Pero no fue así, Juan Carlos Aparicio Pérez, que fue un buen Ministro de Trabajo y Asuntos Sociales, se acercó a mí, me estrechó fuertemente la mano, y adivinando mi estado de ánimo, me dijo:
― No te preocupes lo más mínimo. Lo has hecho estupendamente bien. He pedido la grabación de tus palabras y las he oído. Y quiero decirte que has dejado el nombre de España en la mejor posición para que podamos, a partir de mañana, defender nuestra postura con mayor fuerza y autoridad. Además, después de lo que ha dicho de tu intervención Fidel Castro, ¿Quién puede dudar de lo oportuno que has estado? Así que siéntate y vamos a cenar tranquilamente.
Pero no acaba aquí la historia
Al día siguiente varios miembros de nuestra delegación y yo estábamos dando un paseo por una de las calles de Durban cuando fuimos sorprendidos por las sirenas de unas motos enormes que montaban cuatro policías, dos delante y dos detrás de un gran coche negro. Con el fin de no ser atropellados nos refugiamos en el acceso de entrada de un gran hotel a cuyas puertas nos encontrábamos. Pero resulta que el mandatario que iba tan escoltado se dirigía a ese mismo hotel, por lo que el coche se paró prácticamente delante de nuestras narices. Y de él se bajó Fidel Castro que inmediatamente fue rodeado por su escolta personal para introducirlo en el hotel.

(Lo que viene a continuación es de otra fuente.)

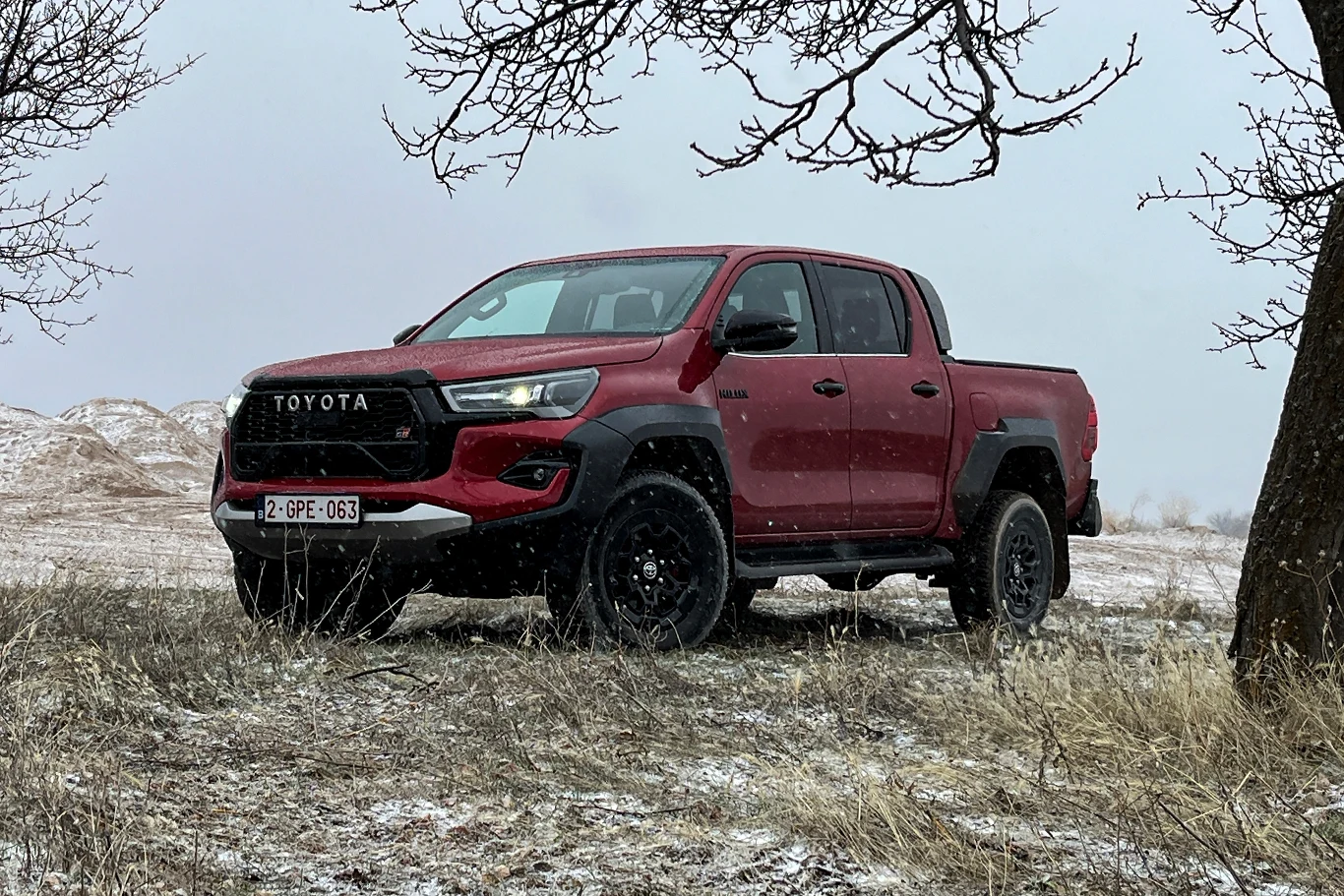 Hilux GR Sport II robi świetne wrażenie i dostarcza prawdziwie rajdowych emocji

― ¡Señor Presidente, señor Presidente! ―dije levantando la voz con el fin de llamar su atención, cosa que conseguí porque Fidel Castro frenó su andadura y se me quedó mirando sorprendido―. Señor presidente, perdóneme la interrupción. Soy el ciudadano español que intervino ayer en el pleno de la Conferencia y quiero aprovechar la oportunidad de tenerle tan cerca para darle las gracias por sus palabras. De verdad, señor Presidente, muchas gracias.
Y entonces sucedió lo que nunca pude imaginar. Fidel Castro me escudriñó con la mirada, apartó con la mano al escolta que se interponía entre los dos y dijo:
― Bueno, bueno, hombre, es que me impresionó mucho lo que usted dijo. Así que usted ¿es gitano? Venga conmigo que quiero hablar con usted.
Hizo un gesto para que los escoltas me dejaran acercarme a él y tomándome por el brazo entramos juntos en el hotel donde con tranquilidad sostuvimos una agradable conversación. Me preguntó un sinfín de cosas sobre los gitanos al tiempo que me transmitió sus sentimientos sobre nuestra cultura y nuestra especial manera de entender y valorar la libertad.
Descanse en paz y que Dios le perdone, como a todos nosotros, las cosas malas que hayamos podido hacer a lo largo de nuestras vidas.
Juan de Dios Ramírez-Heredia. Abogado y periodista. Presidente de Unión Romani.